Tom Kelley, general manager of IDEO and author of The Art of Innovation, spoke at Yahoo! Design Week about the importance of anthropology in business innovation. Here’s some of my notes from the talk:

  • Innovation is the intersection of design & business.
  • Red Queen Effect: running but not getting anywhere. To get somewhere you actually need to run twice as fast. Companies today need to keep up with the rapid pace of innovation
  • Ten Faces of Innovation: positive innovation-supporting roles that people play temporarily or permanently.
  • The Devil’s advocate is an anti-innovation role. Need people to stand up against the devil’s advocate in innovation-positive roles.
  • If you can outlearn the competition, that gives you a way to stay ahead.
  • Organizing Roles: The Hurdler acknowledges obstacles that come along and figures out ways around them. The Collaborator looks for people from multi-disciplinary skill sets to solve problems through new perspectives. The Director sees their job as letting other people shine by allowing talented & creative people to do good work.
  • Building Roles: The Experience Architect looks at the whole customer journey. The Set Designer tweaks environments to change attitude, behavior, and performance of team. The Caregiver is empathetic to the needs of customers. The Storyteller acknowledges data is hard to store but stories are easy to remember.
  • Learning Roles: Anthropologist goes into the field to examine unstructured problems in the world. The Experimenter models ideas to reach effective solutions.
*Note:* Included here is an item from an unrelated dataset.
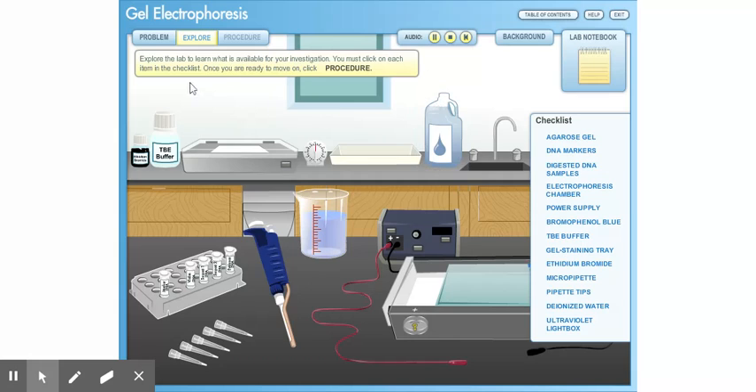Explore the lab to learn what is available for your investigation. You must click on each item in the checklist. Once you are ready to move on, click Procedure.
The Cross-Pollinator brings together diverse concepts.
  • Of all these roles, the most impactful is the Anthropologist. They provide the insights companies need to drive innovation.
  • Discovery is not finding new lands but looking at things with new eyes. Set aside what you know using “vu ja day”. Look at everything again. You will uncover insights hidden in plain sight.
  • Don’t underestimate the power of simplicity.